SuzannaB’s questions about whether I think food from clones is “yucky” prompted me to take a look at the lighter side of cloning.
Sometimes a little humor lets us see the absurdity in extreme perceptions and stances on a subject. The comic strip “Mother Goose and Grimm” is currently doing a series on meat from cloned animals (parts 1, 2, 3, 4 and 5).
Like most depictions of cloning, these cartoons show that it produces a bunch of full-grown carbon copies of an individual, identical in both body and mind (a complete myth in all parts, by the way). Cloning has inspired artists and writers for decades, usually with much darker and less humorous results. In many books and movies, cloning is a black magic power to resurrect, simulate, and multiply, usually with dire consequences. These depictions tap into primal human fears about identity theft and loss of self, as well as what New York Sun writer Andrew Stuttaford called “humanity’s fear of its own ingenuity” (see his interesting survey of Hollywood’s treatment of cloning here).
Unfortunately, by the time Dolly was born, the word “cloning” had become almost completely taken over by a horrifying fictional meaning, which has clouded and confused discussions about cloning ever since.
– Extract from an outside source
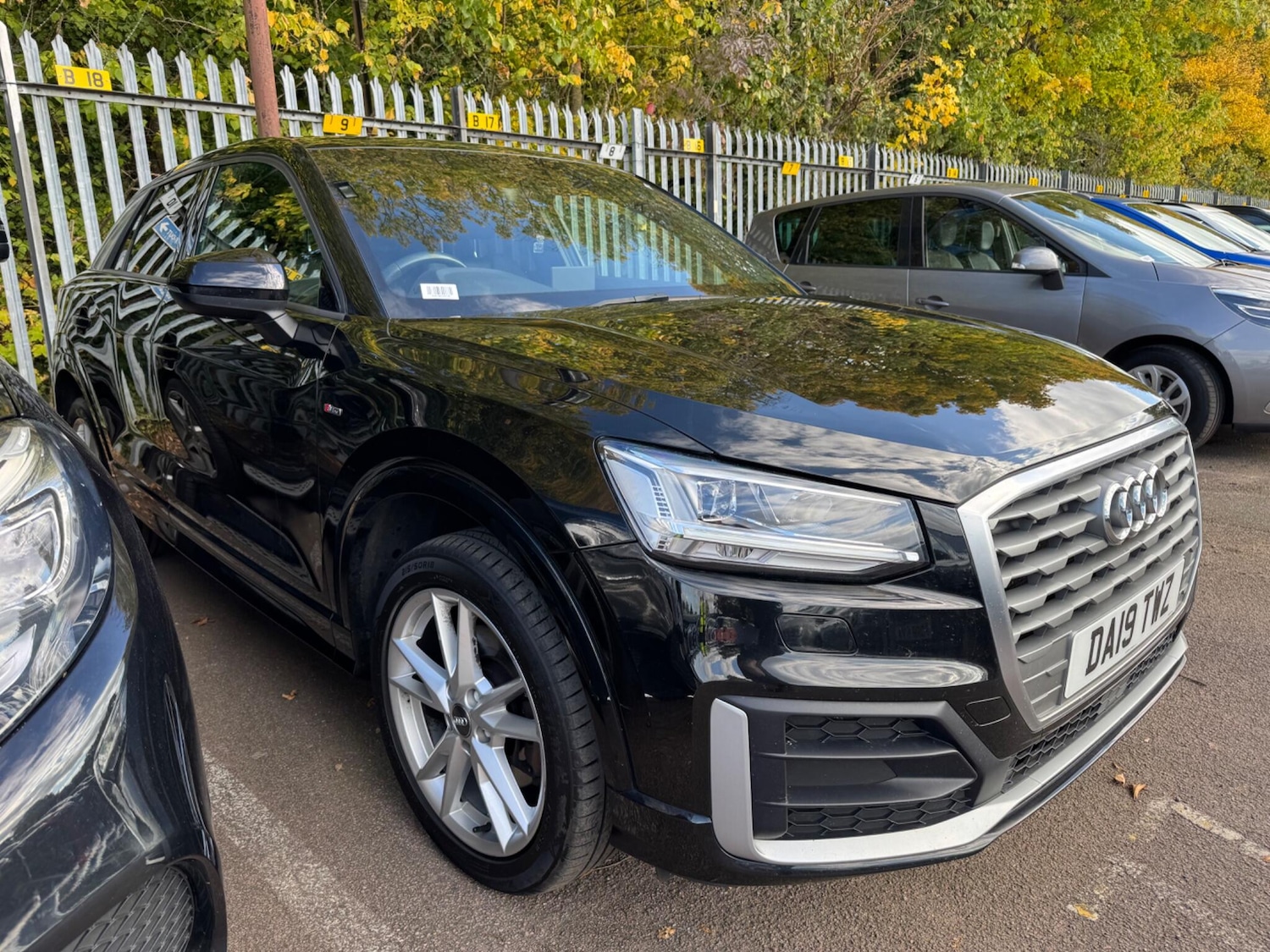 Used Audi Q2 2019 for sale - 76122133: Photo 7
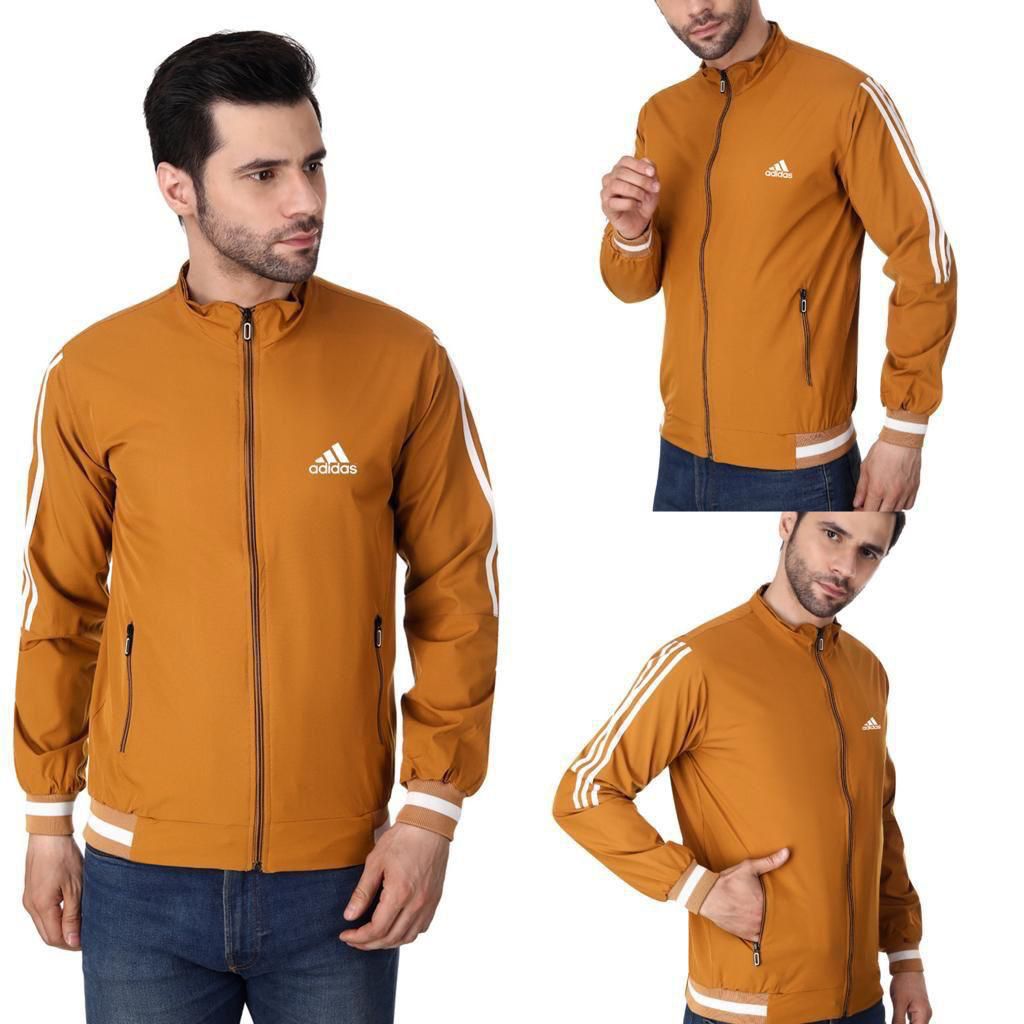 Adidas 3 Layer windcheater jacket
Pundits and cloning’s opponents like to imply that cloned meat tastes bad, or more accurately, leaves a bad taste in one’s mouth. For some people, the idea of meat from clones provokes a knee-jerk reaction of “yuck”. In reading many, many reactions to the FDA’s announcement on the safety of meat from cloned animals and their offspring, I would classify the vast majority as gut-level rejection or knee-jerk. So no, SuzannaB, I don’t find the idea “yucky” and am actually quite comfortable with the meat that may eventually reach my table with its origins in a cloned parent, grandparent or other ancestor.
A closing thought: As a Mom, maybe the ultimate revenge on my children would be to clone myself and make them raise ME.